Camille Anderson, Richie Farman, Riley Worthington

Project Overview

This project implements a simulation of a two-dimensional landscape with obstacles, containing cat and mouse agents. The agents behave as follows:


  • Have a goal
  • Use RRT (Rapidly-exploring Random Tree) motion planning algorithm to find path to goal


  • Attempt to capture mice
  • Use Proportional Navigation to plot course to nearest mouse in their line of sight

Users have the ability to adjust the following parameters:

  • Number and type of agents
  • Starting and goal positions of agents
  • Position and shape of obstacles
  • Size of landscape (rectangle)
  • Number of time steps to run


The simulation requires the python packages bresenham, numpy, pygame and pandas.
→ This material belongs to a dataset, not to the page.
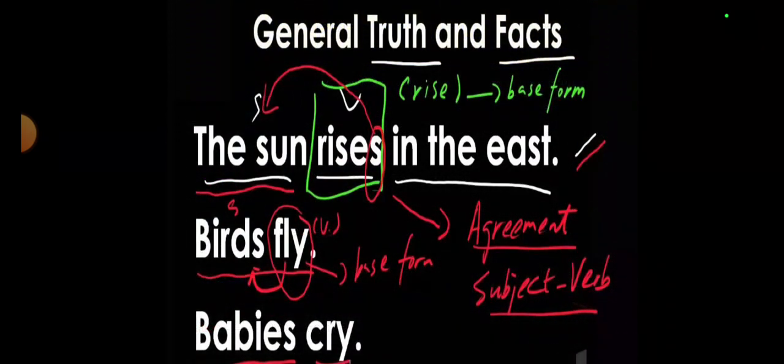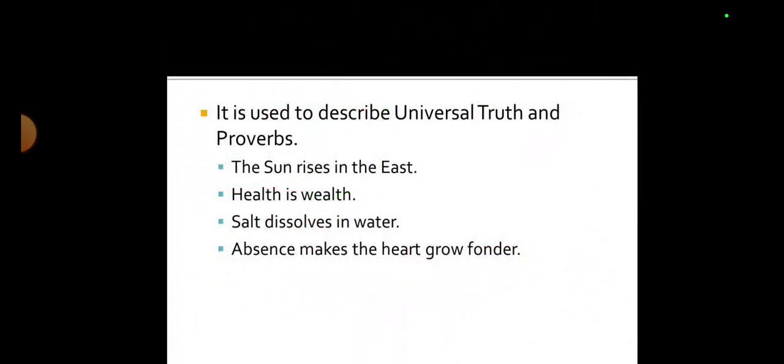Some more examples: 'The sun rises in the east,' 'Birds fly,' 'Babies cry' — all habits, routines, and facts which will not change ever. Even some proverbs are also written in simple present tense, or present indefinite tense. For example: 'Absence makes the heart grow fonder,' 'God helps those who help themselves,' and 'A drowning man catches at a straw.' So proverbs also use this tense.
These packages are all installable using pip.

Running the simulation

Using the command python3 simulation.py will run a default simulation with two mice and one cat, in a pre-built test room containing two walls. The mice have goal position (0,0), defined as the top left corner of the grid. X coordinates increase to the right and Y coordinates increase down.

Start of simulation

start of simulation

After one time step, mouse planning has occurred

start of simulation

The pink lines display the trees generated by the mice, and the green lines show their selected path to the goal.

Machine Learning in the Simulation

This project contains a machine learning class that is integrated throughout the program. The ML object is designed to easily generalize to most scikit-learn API's. Every time the simulation is run, it adds information to the database used for training. When activated, the ML object will edit the theta value of the cat's trajectory.